5.2. As vozes das mulheres

5.2.2. A identidade profissional: a necessidade de camuflar

5.2.2.3. O benefício financeiro da profissional do sexo

No discurso das participantes percebe-se que a compensação financeira é o que faz continuar na atividade, a despeito das ameaças, dos estigmas e do medo. Entende-se que é um processo que ocorre em toda a sociedade, a saber, a crise econômica e de emprego.
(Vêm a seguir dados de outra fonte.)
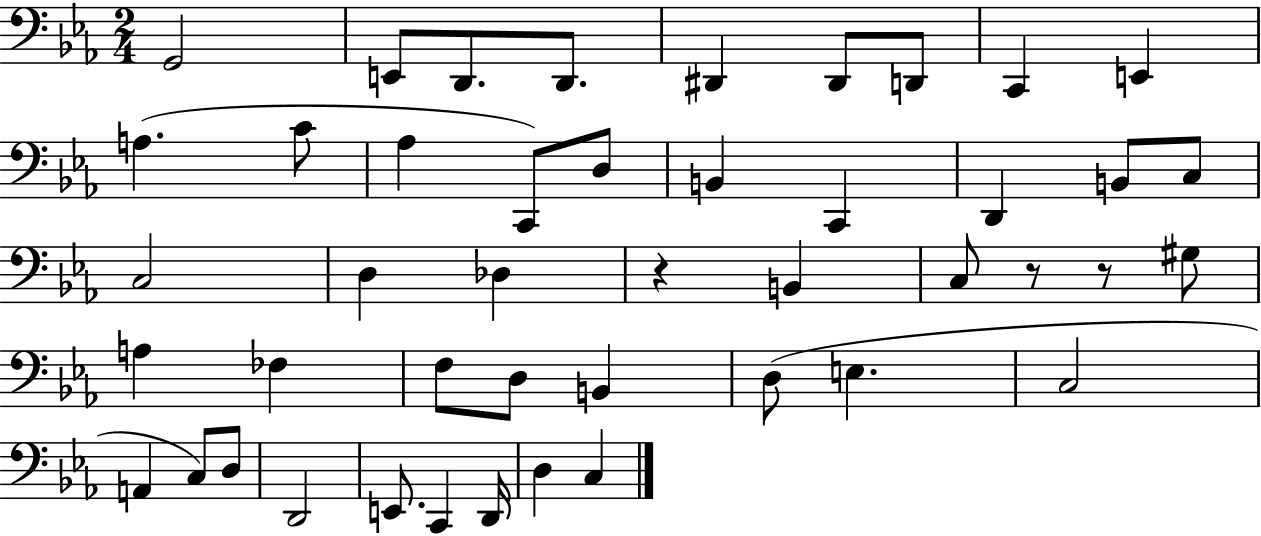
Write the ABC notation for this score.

X:1
T:Untitled
M:2/4
L:1/4
K:Eb
G,,2 E,,/2 D,,/2 D,,/2 ^D,, ^D,,/2 D,,/2 C,, E,, A, C/2 _A, C,,/2 D,/2 B,, C,, D,, B,,/2 C,/2 C,2 D, _D, z B,, C,/2 z/2 z/2 ^G,/2 A, _F, F,/2 D,/2 B,, D,/2 E, C,2 A,, C,/2 D,/2 D,,2 E,,/2 C,, D,,/4 D, C,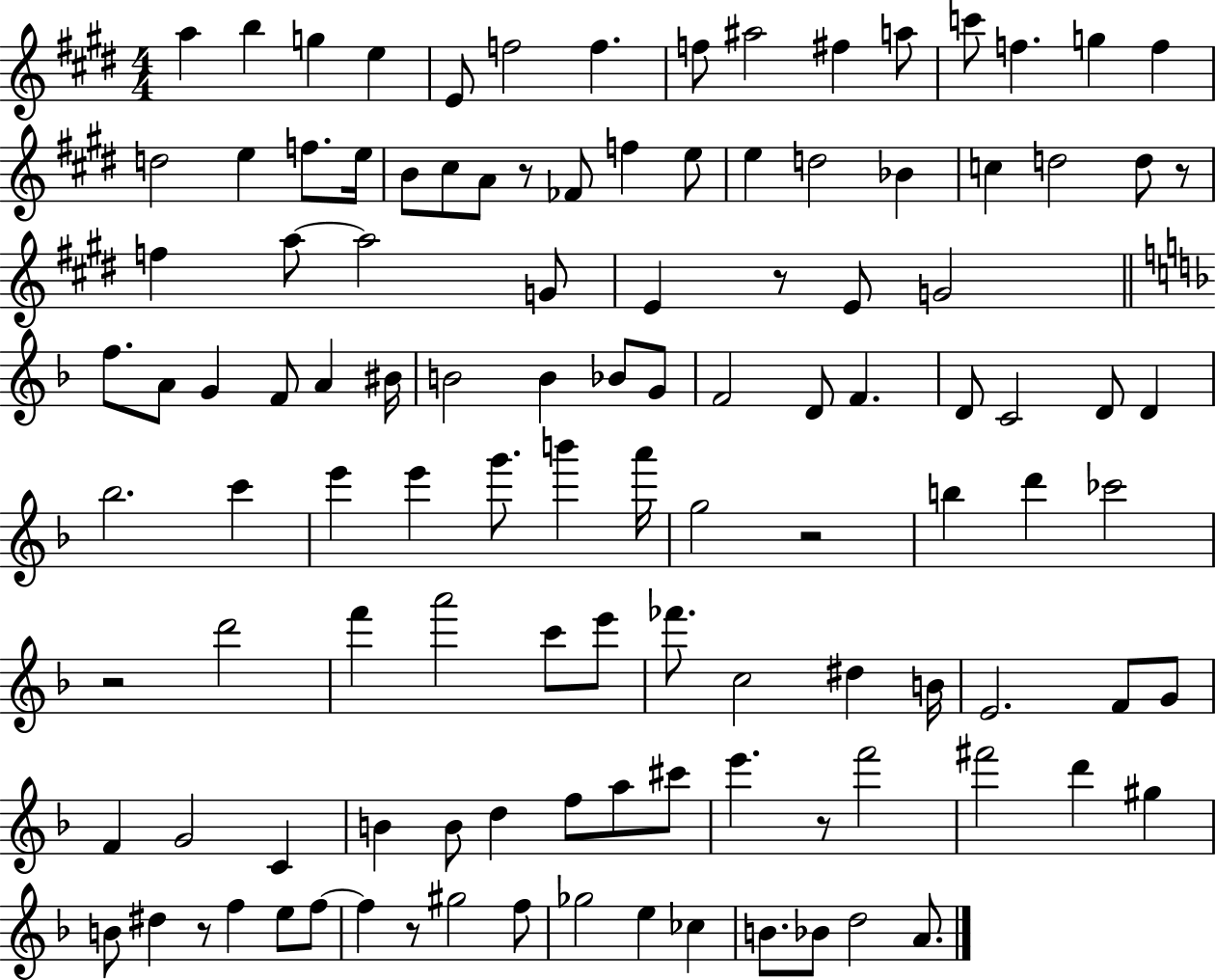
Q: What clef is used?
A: treble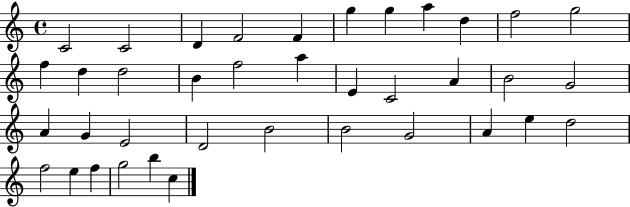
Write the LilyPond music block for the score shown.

{
  \clef treble
  \time 4/4
  \defaultTimeSignature
  \key c \major
  c'2 c'2 | d'4 f'2 f'4 | g''4 g''4 a''4 d''4 | f''2 g''2 | \break f''4 d''4 d''2 | b'4 f''2 a''4 | e'4 c'2 a'4 | b'2 g'2 | \break a'4 g'4 e'2 | d'2 b'2 | b'2 g'2 | a'4 e''4 d''2 | \break f''2 e''4 f''4 | g''2 b''4 c''4 | \bar "|."
}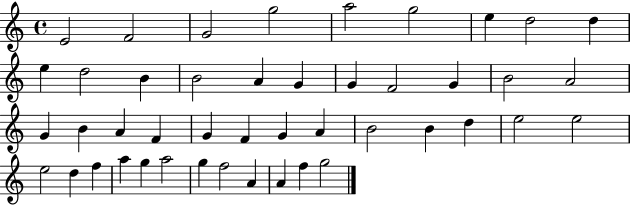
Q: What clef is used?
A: treble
Muitas, mesmo sem se sentirem confortáveis nessa atividade – contrariamente às mulheres que se dedicam à profissão e têm contato com Davida (ver Capítulo 1), atuam na Daspu, por exemplo, e (conforme orientação da definição do Ministério do Trabalho e Emprego, no item F) trabalham pela organização da categoria –, realizam-na porque o ganho em dinheiro é satisfatório.

Em algumas afirmações, percebe-se a importância do ganho financeiro para as participantes, bem como a rejeição à atividade, conforme se vê a seguir:

Cassandra: Olha... eu acho que (xxx) muito legal não... mas... assim...

pra mim... é o que deu dinheiro, né? Ah... é com isso que eu posso

comprar minhas coisas... então eu não reclamo não... Cassandra: (...)mas eu não acho ruim não (risos) Se não fosse isso, eu não ia ter meu dinheiro, né?

Para Cassandra, sua dedicação ao trabalho não vem de um reconhecimento de seu “talento” para a atividade. Ela se dá pela necessidade de seu sustento. É por meio desse trabalho que ela consegue comprar aquilo de que precisa, mesmo considerando a atividade “não muito legal”. Afirmação que reforça a repetição do discurso da sociedade, em que o senso comum considera a prostituição uma atividade ilegal (campo das leis) e imoral (campo religioso).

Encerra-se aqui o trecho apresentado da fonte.